/PArL-Compiler

Compiles program in a particular language PArL to run its PArIR instructions - Compiler Yr2 UM SD. README.md may not be the fully updated documentation.

Primary LanguagePython

Documentation PaRL Compiler for CPS2000

The compiler is split into the lexer, astnodes and parser and visitors to print nodes, for semantic analysis and for code generation of instructions understood by the Pardis VM. Hence, this compiler uses the Visitor Design Pattern.

  • lexer module:
    • Lexer class: has character categories and using them, identifies the tokens of the code string provided.
  • astnodes module: contains all the ASTNode classes (eg ASTPrintStatementNode) for the ParL language which may or may not be used for the AST generation.
  • parser module:
    • Parser class: parses the tokens created by the lexer and creates the AST node objects with the tokens provided by the lexer.
  • Visitors - these have visit node functions for all ASTNode classes:
    • PrintNodesVisitor - displays an AST (Abstract Syntax Tree) structure of nodes in the console as a string
    • SemanticAnalysisVisitor - performs type checking and scope checking (compares types and validates)
    • CodeGenerationVisitor - writes or generates PArIR instructions of code to a file, upon which these instructions should be copied in the VM input.

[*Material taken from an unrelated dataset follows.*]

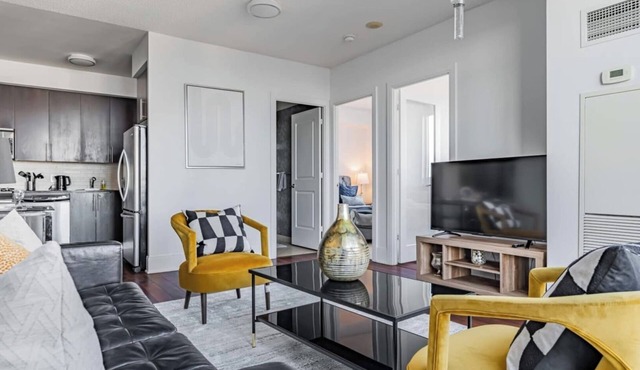 Lovely 3 Bedroom Condo with Balcony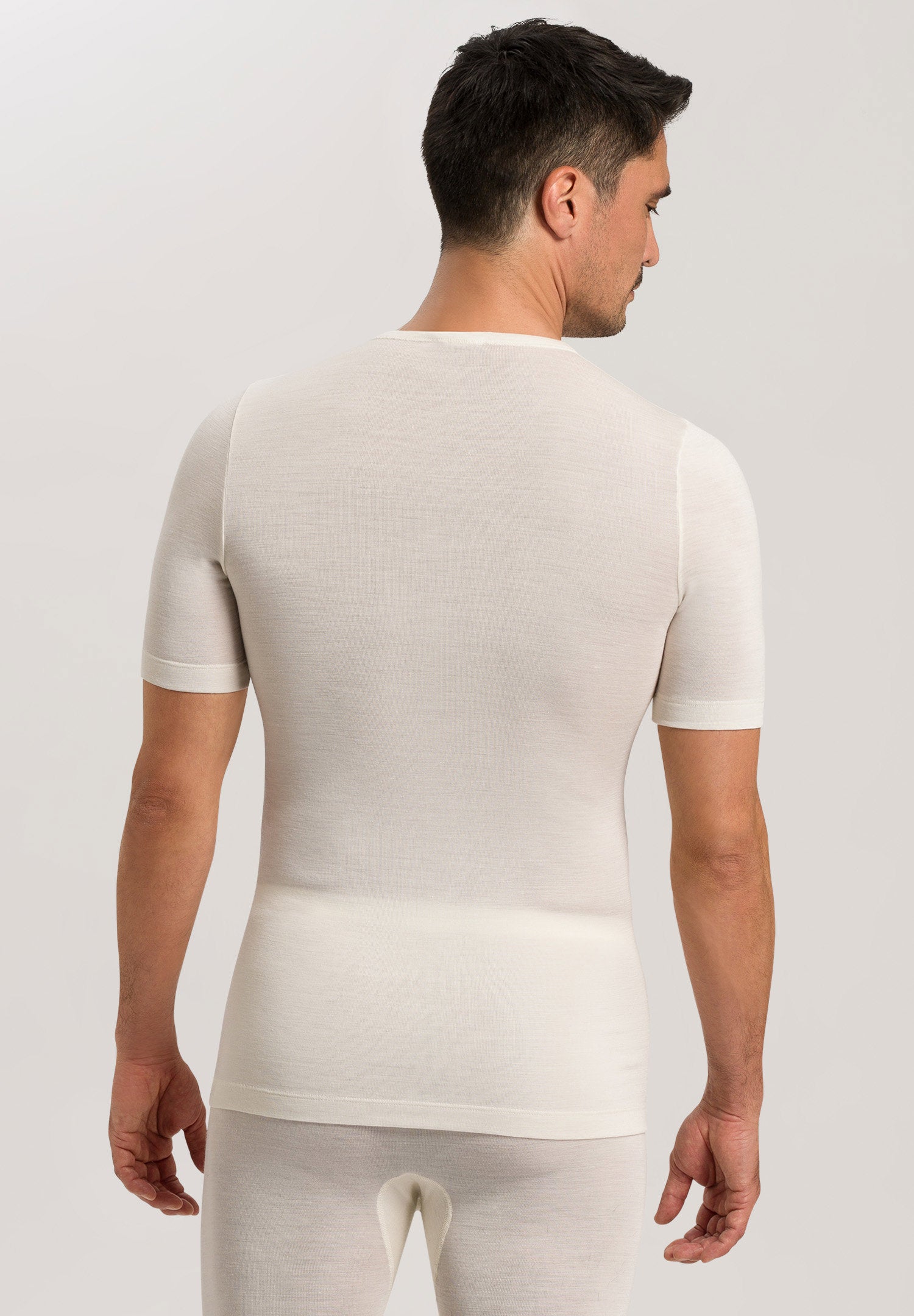 hanro-woolen-silk-t-shirt-kurzarm-cygne-wolle-seide-herren image 4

There is no website link to the VM in the GitHub repository, as it is not owned by me. The code part of the project stops after code generation (Task 4) and implementing array functionality (Task 5). The PArIR instructions are copied from the instructions file to the VM input. The same goes for the Assignment Question (mentioned below), which is owned by the lecturer under the University of Malta.

Note that throughout the documentation, the classes may have a small difference in their name, when compared to the codebase, such as SemanticAnalysis and SemanticAnalysisVisitor. Check out the Classes section for more details about the mentioned classes.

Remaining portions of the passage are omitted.